The small business market in the UK has been growing for many years as the entrepreneurial spirit continues to expand in the UK, and the main clearing banks have a firm grip of this market.
They have repackaged their products and offerings to take in every possible requirement for small businesses, but these do come at a cost.
There are many different varieties of loan including:
· Delayed initial repayments, to ensure your business has sufficient cashflow in the early days,
· Interest only loans, which defer the capital repayment until the end of the loan. Again this is very useful for cashflow, but can result in a substantial hit at a later date.
· Staged loan drawdown, thereby reducing the amount of interest payable. Capital is only released as and when required.
· Many banks offer the opportunity to change your payment terms and loan amount on an annual basis, which means that you can tailor your needs to the performance of your business.
· Repayment holidays. In effect you are deferring interest payment, which you will need to repay at a later date, with additional interest. Again, this can be very beneficial for cash flow if you business is going through a quiet period.
· Many banks allow loan over payments, which can either go against paying the loan off quicker, or can be redrawn if required at a future date. An early payment will result in a reduction in future interest payments.
In essence the banks have been very quick to react to a need for highly flexible borrowing instruments, and while these can be very beneficial to smaller businesses, they do come at a price with banks often charging various administration fees in return for the greater flexibility.
As strange as it may sound, one of the main reasons why many small businesses fail is the fact that they do not borrow enough.
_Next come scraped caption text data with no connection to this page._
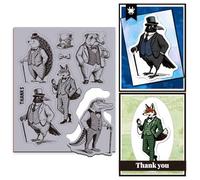GLOBLELAND Vintage Gentlemen Animals Cling Rubber Stamps 8.7x7 inch Retro Hedgehog Dog EVA Cling Mount Stamp Elegant Fox Crow Crocodile Rubber Stamps Set for Card Making Photo Album DIY Scrapbooking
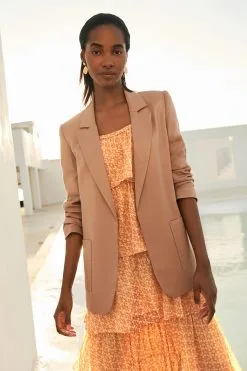 Next Taupe Brown Relaxed Fit Sheen Blazer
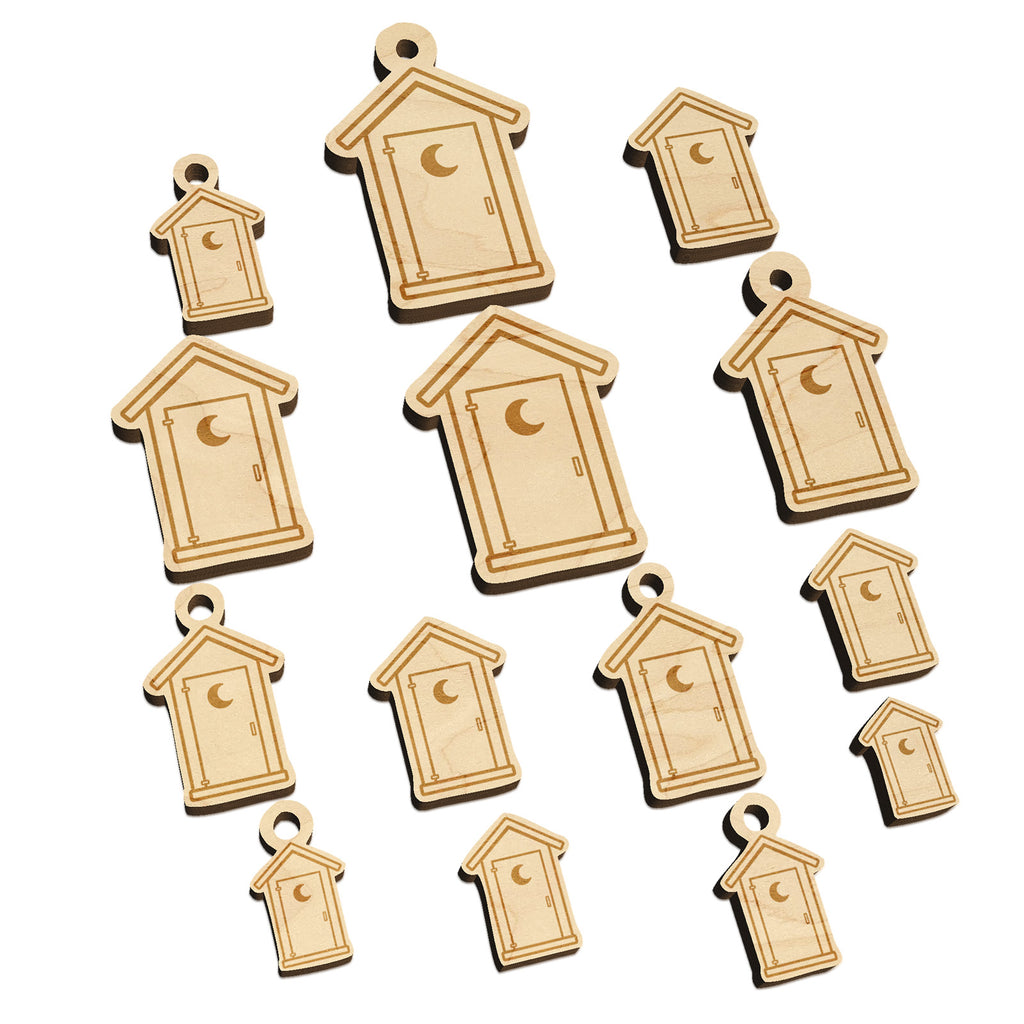 Classic Outhouse Toilet Mini Wood Shape Charms Jewelry DIY Craft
An under funded business is starting from a weak position to begin with, and it is often better to borrow more than your initial requirements so that you have the option of repaying the excess early.
In the early days of trading, before a business is able to build up a reputation and may be trying different sales methods, cashflow is vital. Cashflow is essential for reinvestment into the business, and to allow the company to expand.
Many banks see borrowing agreements with smaller businesses as an investment for the future, as some of these businesses may well become the large conglomerates of tomorrow.